Sim Gill discussed the different solutions to homelessness within the criminal justice system, indicating that better care more often happens out of the District Court system (where serious crimes and felonies are brought to trial), but little occurs through Justice Court (where lesser offenses are handled). 

The problem is that severely mentally ill often are not fit to stand trial in the District Courts for felonies if they are acutely mentally ill. Gill says that the amount of time it would take to rehabilitate mentally ill committing crimes so they could stand trial is often more time than they would serve for their crimes. Our current system lacks facilities to treat and house the mentally ill who could stand trial for serious offenses, therefore these offenders sometimes do not serve serious time in prison for crimes committed. 

While Utah has a state hospital, it only has 300 beds, and with a population of more than 3 million people, that simply doesn’t suffice. The civil commitment process is not effective in Utah, and looking at the criminal justice side of things, it’s still not working. 

According to downtown Salt Lake City business owners Utah Stories has interviewed, many of the severely mentally ill committing crimes are indeed falling through the cracks. In the past we reported on the lewd behavior that business owners have been contending with, including public masturbation in front of Mid-City Salon, as well as frequent vandalism and open-air drug use in front of the Gail Miller Homeless Resource Center.  

Civil commitment was brought up as a possible solution for the mentally ill homeless to receive treatment, except in Utah this is unfortunately not a solution. 

“And when I say civil commitment, everyone in your audience is probably going to say, when we think about civil commitment, when we think it’s a place, if I civilly commit you, I’m committing you to a place where you can get that treatment. Well, you know what? In Utah, civil commitment is not a place, it’s a status. Let me say that again. Civil commitment is not a place, it’s a status,” Gill reiterated. 

“And then in the criminal justice system, you have people whose conduct may be criminally charged, especially under the justice court model and different low level offenses. And you can’t prosecute them because they’re legally incompetent and they don’t have the capacity,” Gill explained. 

A homeless individual that Utah Stories reported on last fall named Anderson Jones was discussed. Anderson Jones hit multiple people with a hammer, hitting one victim in the head. Our Publisher, Richard Markosian, happened upon the crime scene while interviewing homeless individuals. 

Sim Gill explained that this individual was convicted, although it is difficult to prosecute when the individual can be ruled as mentally incompetent, which was obviously the case here. 

“We’ve prosecuted rapists who have been restored through medication and support and are guilty, but they’re mentally ill, but they’re legally competent. So that is the sort of challenge that we have,” Gill continued. 

The District Attorney expressed his frustrations with the system, believing that more money should be allocated for the mentally ill, and that there’s only so much he can do. The law limits him to prosecuting people that aren’t mentally capable. He needs others to do their part so he can do his. 

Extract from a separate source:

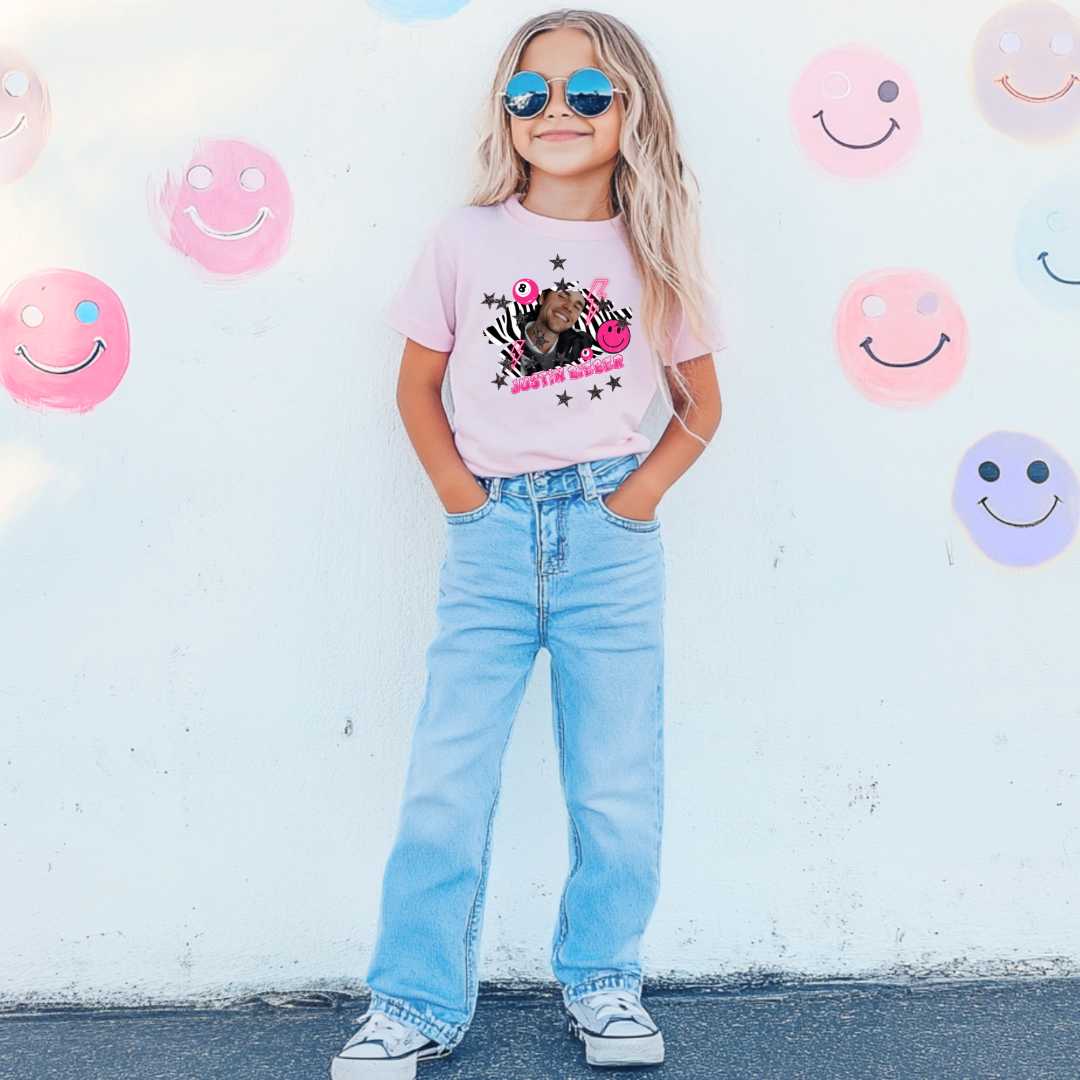 Justin Bieber Youth Graphic Tee & Crewneck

“When public policy makers fail to address the issue of economic justice, political justice, social justice, public health education, affordable housing, etc., those public policy deficits manifest themselves as crises in our community. And then our public policy makers look to our criminal justice system to be our crisis managers. And in the application of that crisis management, it disproportionately impacts communities of color and poverty,” according to Gill.